DATA LISTING
○ ○ ○ ○

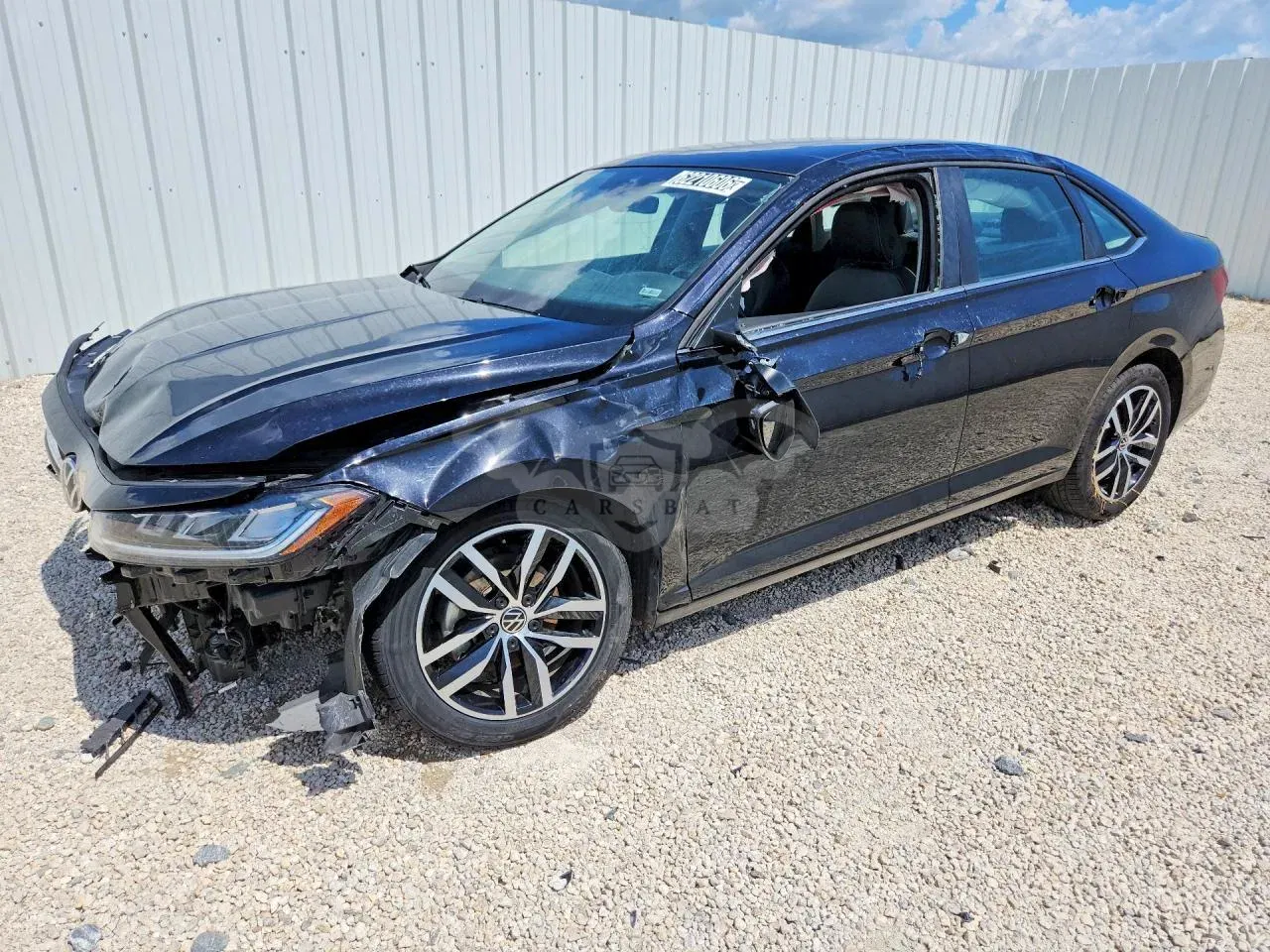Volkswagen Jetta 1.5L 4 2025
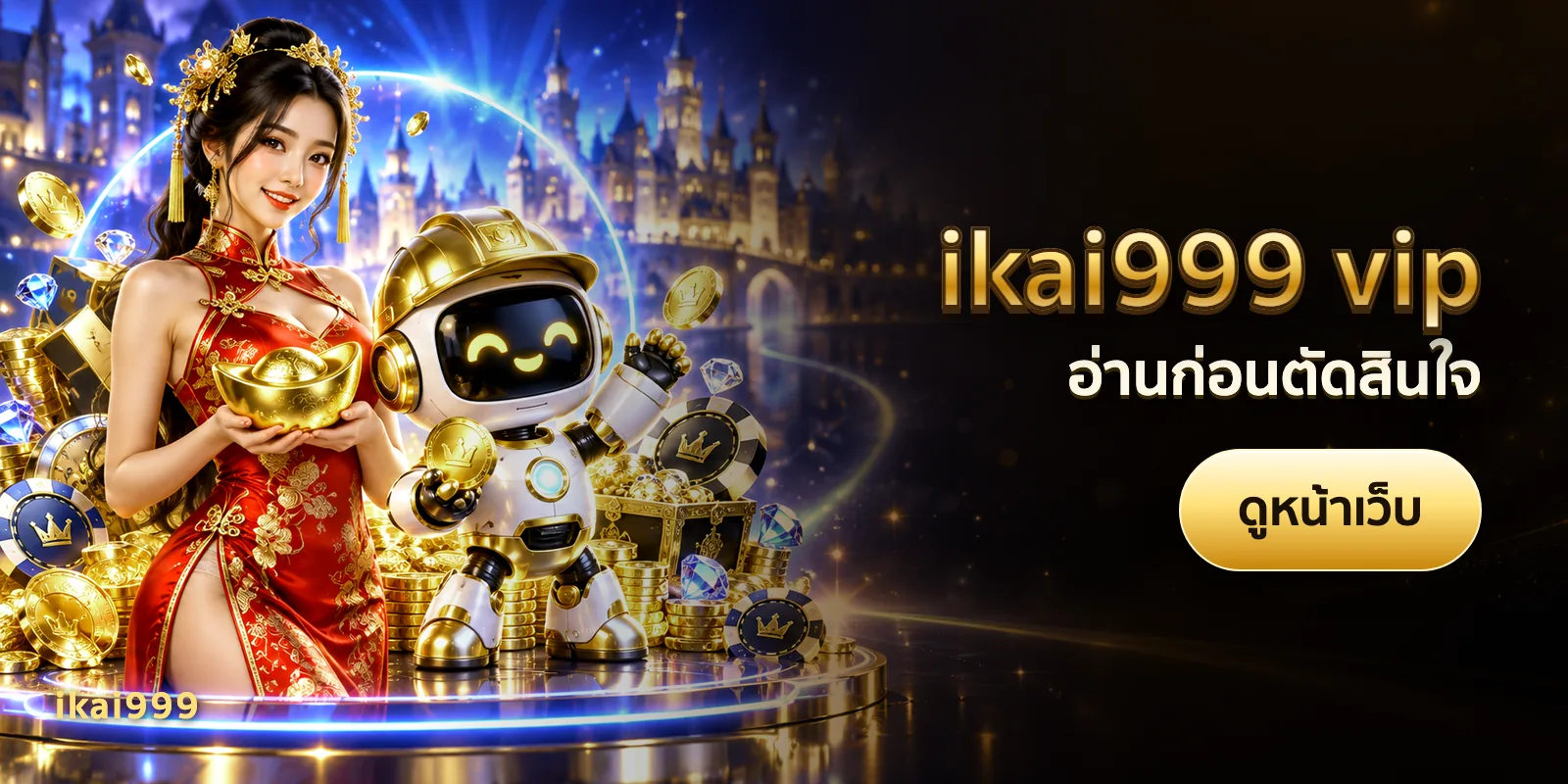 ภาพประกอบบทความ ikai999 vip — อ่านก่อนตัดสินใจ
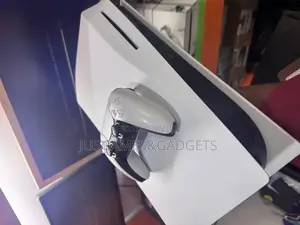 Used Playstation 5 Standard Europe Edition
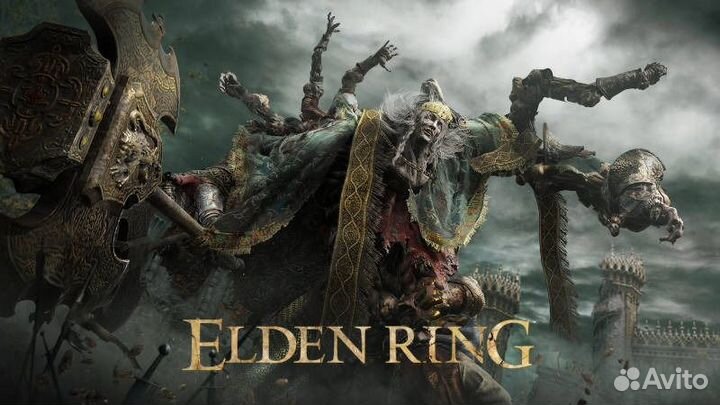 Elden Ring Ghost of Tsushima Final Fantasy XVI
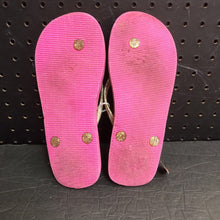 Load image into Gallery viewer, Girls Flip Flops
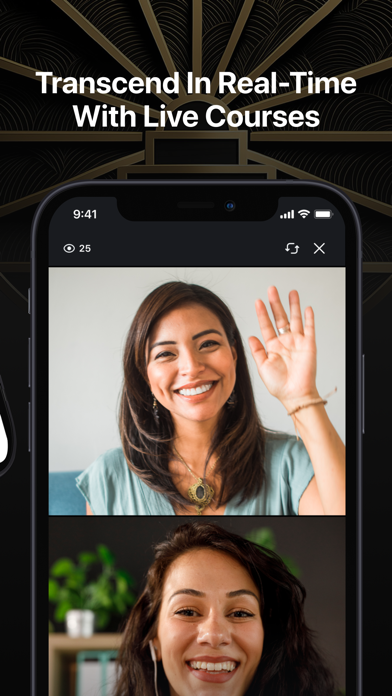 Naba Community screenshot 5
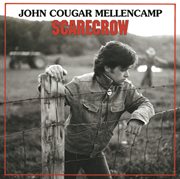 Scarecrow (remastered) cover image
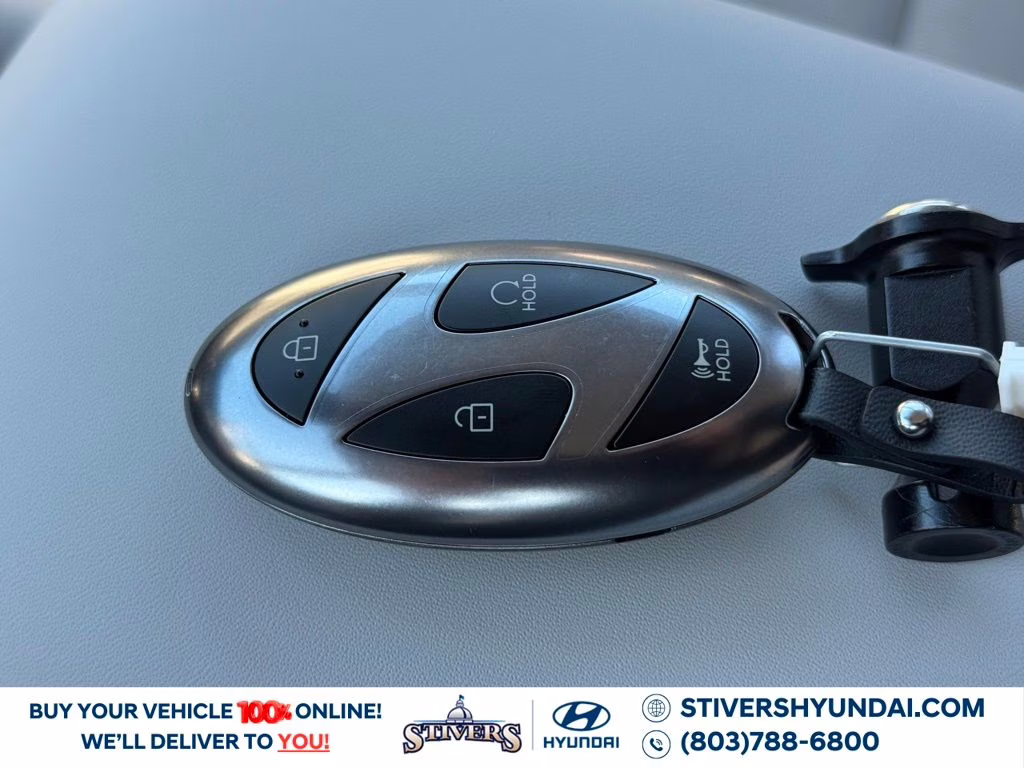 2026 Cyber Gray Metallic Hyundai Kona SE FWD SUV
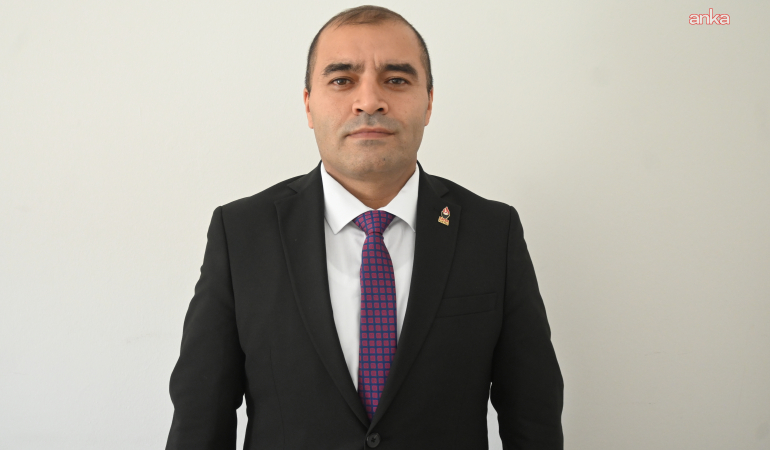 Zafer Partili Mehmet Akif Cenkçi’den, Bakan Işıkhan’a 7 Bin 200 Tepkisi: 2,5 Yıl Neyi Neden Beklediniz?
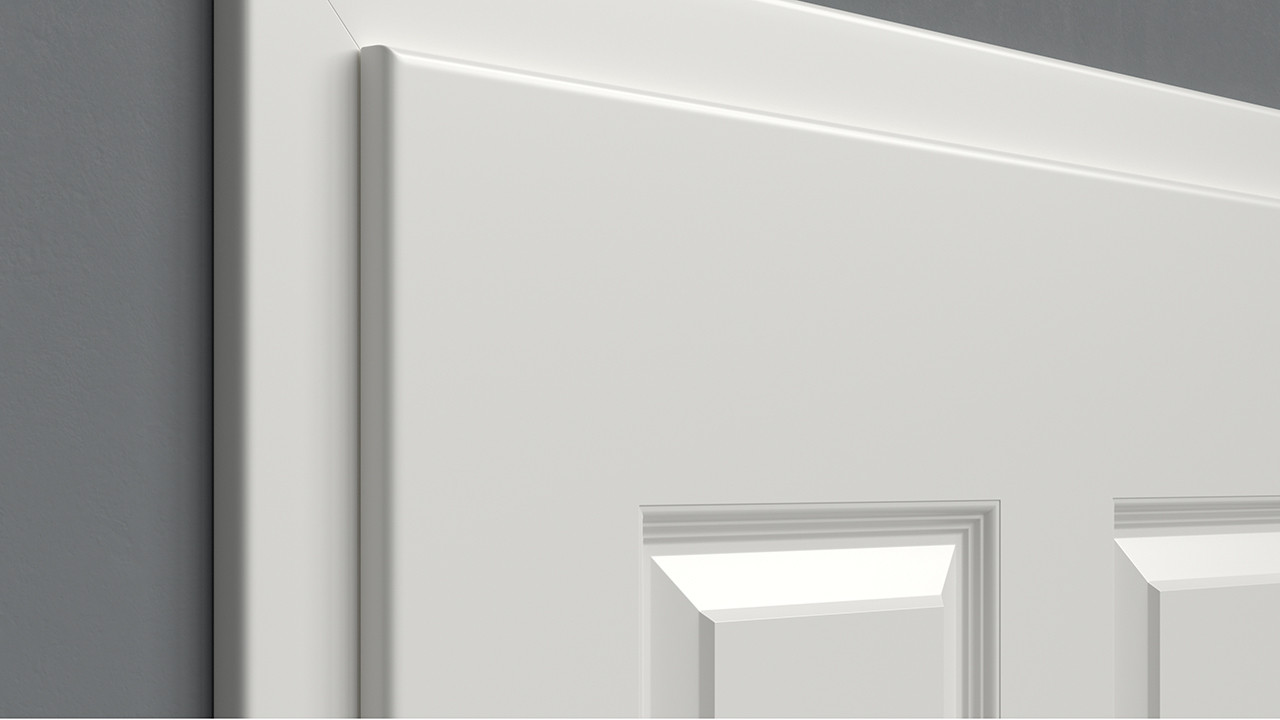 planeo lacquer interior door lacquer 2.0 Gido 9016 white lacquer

○ ○ ○ ○

TASK ITEM
Please restate all of the listing above word for word, with no pictures.

SOLUTION FOR THIS EXERCISE
Volkswagen Jetta 1.5L 4 2025
 ภาพประกอบบทความ ikai999 vip — อ่านก่อนตัดสินใจ
 Used Playstation 5 Standard Europe Edition
 Elden Ring Ghost of Tsushima Final Fantasy XVI
 Load image into Gallery viewer, Girls Flip Flops
 Naba Community screenshot 5
 Scarecrow (remastered) cover image
 2026 Cyber Gray Metallic Hyundai Kona SE FWD SUV
 Zafer Partili Mehmet Akif Cenkçi’den, Bakan Işıkhan’a 7 Bin 200 Tepkisi: 2,5 Yıl Neyi Neden Beklediniz?
 planeo lacquer interior door lacquer 2.0 Gido 9016 white lacquer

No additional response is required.